Future computer systems need to be significantly faster than the supercomputers around today, scientists believe. One reason is because analyzing complex problems properly, such as climate modeling, takes increasing work. Massive quantities of calculations, performed at high speed, and delivered in mistake-free data analysis is needed for the fresh insights and discoveries expected down the road.
Limitations, though, exist in current storage, processing and software, among other components.
The U.S. Department of Energy’s four year $48 million Exascale Computing Project (ECP), started at the end of last year for science and national security purposes, plans to overcome those challenges. It explains some of the potential hiccups it will be running into on its Argonne National Laboratory website. Part of the project is being studied at the lab.
The most radical of the ECP undertaking’s thrusts is based on the assumption that memory is, and will continue to be too expensive to be used in the same way it is today—where it matches processing power.
“Exascale systems will be 50 times faster than existing systems,” says Ian Foster, of the University of Chicago and Argonne, on the website. “But it would be too expensive to build out storage that would be 50 times faster as well.”
Data volumes need to be reduced by a factor of 10, the project’s scientists believe. That could introduce errors, but those errors can’t affect the scientific end-results. Summarizing data, and reducing features from the initial data are among angles being explored. But lossy compression is an approach that may well be used, they think. That’s a similar technique to how a smartphone converts images captured on its sensor into smaller JPEG files—reducing the amount of superfluous data. Data is lost, but no one notices.
Other problems manifest themselves with applications running at the new, high speeds. “Faults in high-performance systems are a common occurrence,” Argonne computer scientist Franck Cappello says. “And some of them lead to failures.”
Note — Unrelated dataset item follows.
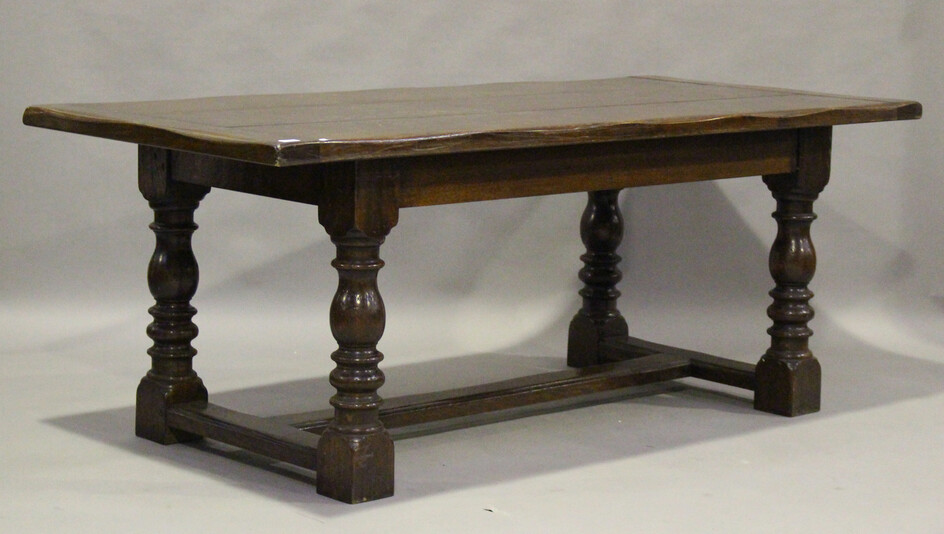 A 20th century Jacobean Revival oak refectory style dining table, raised on turned and block legs un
Cappello reckons that an advanced form of checkpoint/restart should be pursued. Checkpoint/restart is a way to continue calculating after a computer crash, with no loss of data. It’s accomplished by reverting to a known checkpoint that was created before the failure. The same concept is used already today, but ECP’s will be more scalable, the group claim.
“Efficiency of memory and storage have to keep up with the increase in computation rates and data movement requirements,” Pete Beckman, of Argonne, adds in one of the website articles. The problem being that a more complicated, larger memory arrangement “affects how quickly you can retrieve it.”
Power is a further issue, the lab believes. “Tens of megawatts of power” will be needed.
Processing cores, too, will need special management. So software must be created and implemented to partition and organize the multiple cores. “Improving performance by say, two to three percent, is equivalent to thousands of laptops’ worth of computation,” Beckman says. Containerization, where cores are grouped together and controlled as a unit will be used to manage the processing.
“Imagine you were able to solve a problem 50 times faster than you can now,” the lab says. “The ability to create such complex simulations helps researchers solve some of the world’s largest, most complex problems.”